Finance minister Nirmala Sitharaman, who has been speaking about India’s growth story and robust economy during her recent interactions, has said that in the current scenario, the Indian the rupee is not sliding, but the US dollar strengthening. Replying to a question, Sitharaman said: “Dollar is strengthening incessantly. So obviously, all other currencies are performing against the strengthening dollar. I am not talking about technicalities but it is a matter of fact India’s rupee probably has withstood this dollar rate going up…I think the Indian rupee has performed much better than many other emerging market currencies.”

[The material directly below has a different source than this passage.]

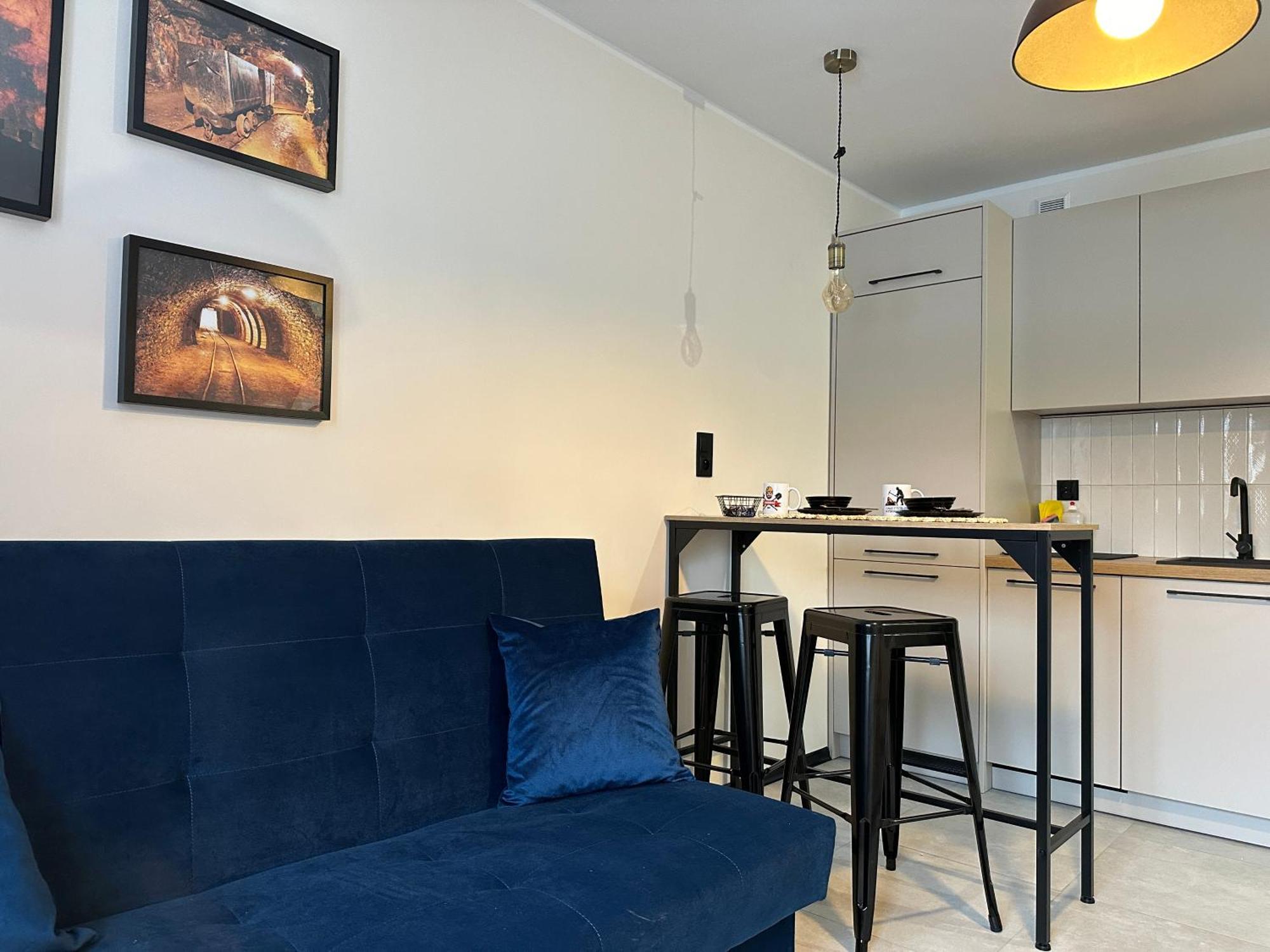 Apartament Kopalniok Zabrze Ngoại thất bức ảnh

She said that the Reserve Bank of India (RBI) was focused on ensuring that there isn’t too much volatility and was not intervening in the market to fix the value of the Indian currency.
Responding to questions asked by news agency ANI on measures being taken to tackle the slide, she said: “The efforts of RBI are more towards seeing that there is not too much volatility, it is not to intervene in the market to fix the value of the rupee. Containing the volatility is the only exercise RBI is involved in and I have said this before that rupee will find its level,” she said.
The depreciation of the rupee is a cause of concern, especially for a country that has significant imports, as per experts. On Friday, the rupee closed at 82.19 against the US dollar amid a firm greenback overseas and sliding crude oil prices.
At the interbank foreign exchange market, the local currency opened at 82.26 and witnessed a high of 82.12 and a low of 82.43 before settling at 82.19. The dollar index, which gauges the greenback’s strength against a basket of six currencies, advanced 0.56 per cent to 112.99.
As per experts, the latest round of depreciation is due to adverse global developments starting with the geopolitical tensions triggered by the Russian-Ukraine war. The war pushed up commodity prices, leading to a record surge in inflation in the developed world, which has resulted in steep rate hikes by the US Fed. This has resulted in a flight of capital back to the US, hence resulting in currency depreciation episodes.